Este comportamento se transformou em uma bola de neve que parece já ter fugido completamente do controle, somos vítimas e agentes da violência diária onde a conversa como forma de resolver algum problema parece não fazer mais parte do nosso repertório de convivência em sociedade.
Assisti um desenho do ursinho Puff (ou Pooh) em que ele vai parar em uma cidade onde é nomeado xerife por falta de opção, ninguém queria ser. Um bando de touros malfeitores entram no ambiente e o líder do bando diz que não suportava xerifes e que ia arrebentar com ele. O ursinho Puff perguntou “Será que a gente não pode resolver isso com um abraço?”
A solução proposta não tem o nível exato de testosterona exigida pela brigada dos machos brigões, realmente pode não ser uma solução muito máscula. Mas obedecidas as devidas proporções, porque tudo deve ser resolvido com cara feia, insultos e brigas? Se certamente procurássemos, como dizem os gurus da paciência contar até dez, respirássemos fundo e imaginássemos que aquilo que esta acontecendo não fará a menor diferença em nossas vidas e que sequer lembraremos daquilo dentro de 24 horas podemos nos questionar. Vale a pena brigar por isso ou é só um capricho?
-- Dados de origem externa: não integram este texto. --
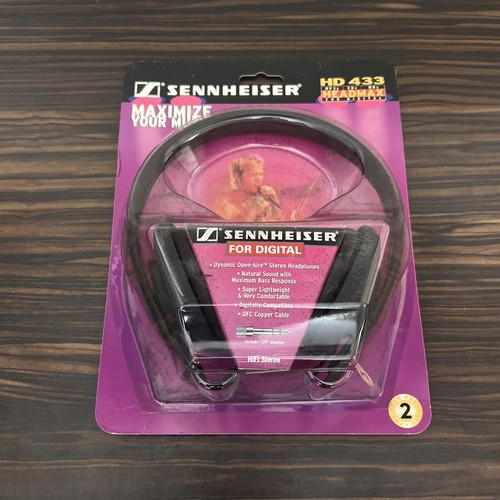 Sennheiser 433 nuovo - hd,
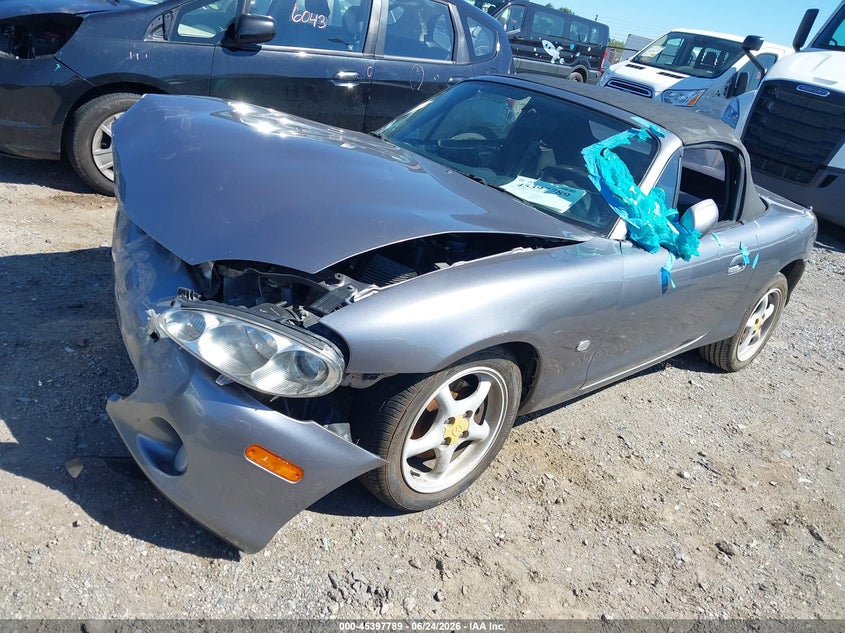 2003 Mazda Mx-5 miata VIN JM1NB353030305409 IAAI salvage auction — FRONT END, Salvage (Pennsylvania), sold $225 on 2026-07-15 (photo 2)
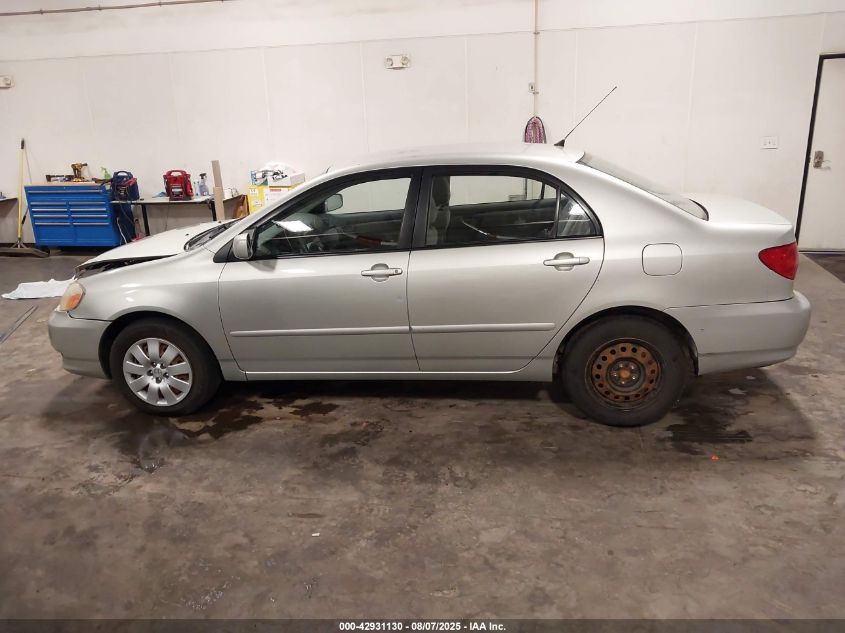 2003 Toyota Corolla Le VIN: JTDBR32E332014623 Lot: 42931130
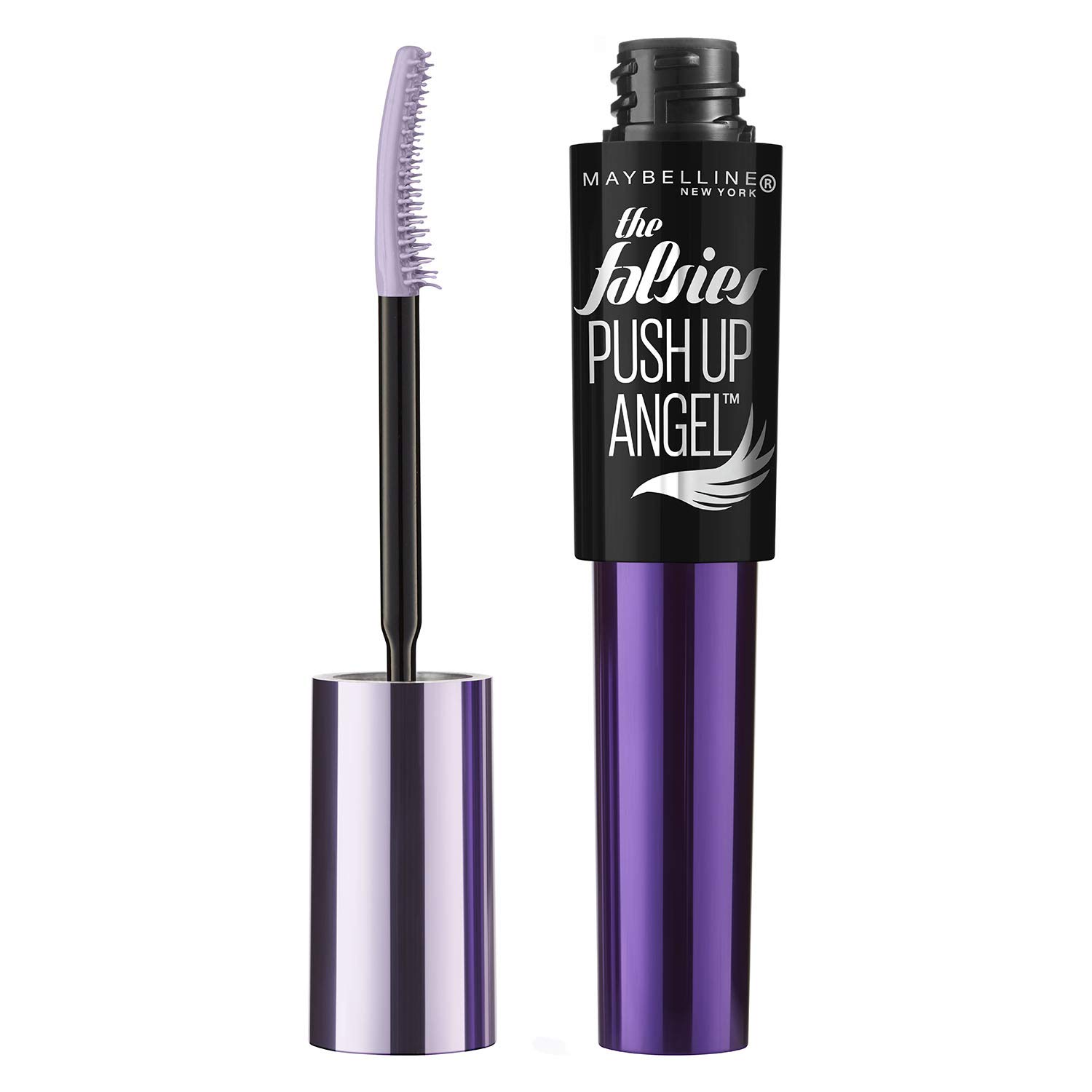 Foto 3 pulgar | Máscara Maybelline Volum' Express Falsies Push Up Angel Black - Venta Internacional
Praticar a cortesia hoje não é somente uma questão de boa educação e urbanidade, mas também uma questão de sobrevivência. Se eu me desarmo com relação ao outro é provável que ele se desarme com relação a mim também, porque depois de iniciado um processo de violência que pode começar com uma cara feia e descambar para socos pontapés e até tiros, ninguém mais tem controle. Deve-se buscar um comportamento que não permita que isto se inicie, senão o que nos resta é pedir que Deus livrai-nos do mal amém.